Killers of the Flower Moon retells an essential story of how the dispossessed Osage Nation accrued uncommon “good luck” in being relocated from their Missouri and Arkansas ancestral homelands to a resource-rich section of northeast Oklahoma Indian Territory known today as Osage County. At first, you’d think this historical epic is some Tarantino-esque revenge fantasy with Osage tribal members dressed as wealthy gentry with whites at their beck and call. But this upside-down world was no fantasy. This was life for the Osage in the early 1900s––per capita the wealthiest group of Americans at the time––as oil and gas revenue poured in and a menagerie of white tricksters worked to dispossess them of their entitled riches through sundry schemes, most profitably intermarriage and insidious laws that required whites to manage Osage money.

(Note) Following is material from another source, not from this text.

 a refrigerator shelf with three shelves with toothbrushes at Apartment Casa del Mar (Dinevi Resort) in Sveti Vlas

Operating freely on the Osage reservation is a crafty Osage-speaking snake, the sanctimonious, politically connected deputy sheriff and cattleman William “King” Hale (credibly played by Robert DeNiro). Through carefully feigned respect, humility, and compassion, this Iago of the Prairie gains the trust of Osage elders, enabling Hale to kill off wealthy tribal members and sub in his own kin to the resource rights and revenue. The tribal leaders are none the wiser since Hale has in his pocket local coroners, who disguise the real cause of death through false death certificates. Native Americans at that time were not allowed by law to have autopsies performed.

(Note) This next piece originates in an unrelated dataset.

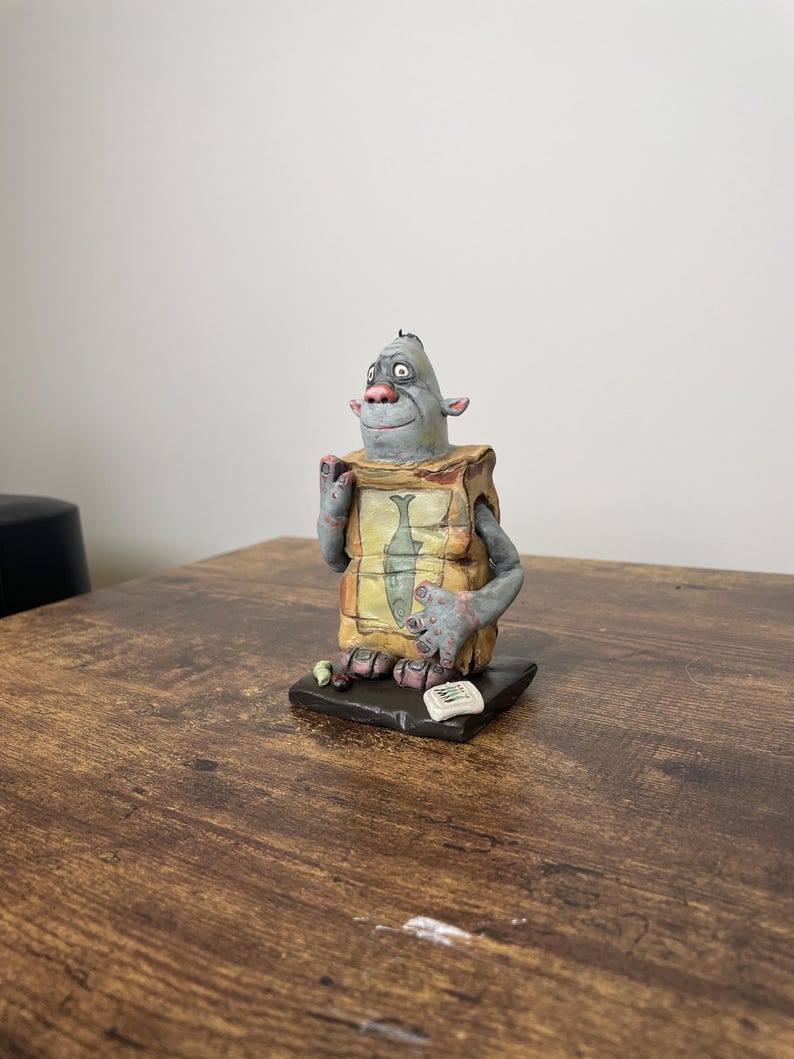 Puede incluir: Una figura caprichosa de una criatura gris con una gran nariz y orejas, que lleva un delantal con tem&aacute;tica de pescado. La figura se encuentra sobre una base negra con peque&ntilde;os detalles, incluyendo un peque&ntilde;o papel. El dise&ntilde;o es caricaturesco y detallado.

Enter King’s nephew, the malleable Ernest Burkhart (Leonardo DiCaprio), who along with his brother Bryon rob, murder, fleece, and otherwise undermine the Osage people in service to King’s sick replacement scheme. King is particularly interested in having Ernest wed Mollie Kyle (Oscar shoe-in Lily Gladstone), an Osage with “head rights”––federally protected property deeds entitling each owner to a lucrative quarterly payment from the Osage Mineral Estate.

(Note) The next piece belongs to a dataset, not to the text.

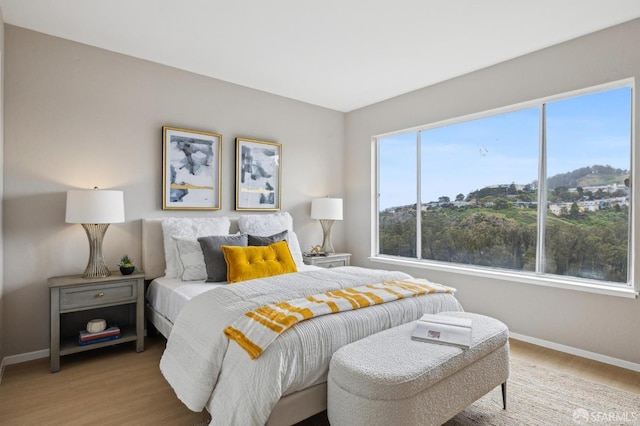 316 Gold Mine Dr, San Francisco, CA 94131 - bedroom featuring baseboards and wood finished floors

In a different director’s hands, King’s perverse design would be strung along as a dark occluded mystery. But Scorsese is upfront about King’s machinations, moving the viewer off the smooth conventional murder mystery trail into a deeper offshoot: the Native American as watcher, seer, and knower, but not, ultimately, victim.
The film travels slowly through Mollie’s soft panoptic gaze (Osage is a French word for “calm water”). She falls for the scofflaw Ernest, the blue-eyed WWI veteran she calls her “coyote,” whom, despite his obvious predilection towards gambling, drink, and pool hall shenanigans, she oddly trusts until it is, at last, revealed to her what we know all along––her husband is trying to kill her with poison disguised as insulin. For a story so unfathomably dark, Scorsese tries to lighten things up with depictions of the clumsy antics of Ernest’s cussedly peculiar mountebank henchmen. But such comedic digressions never move us off the sordid and systemic evil at the heart of the story.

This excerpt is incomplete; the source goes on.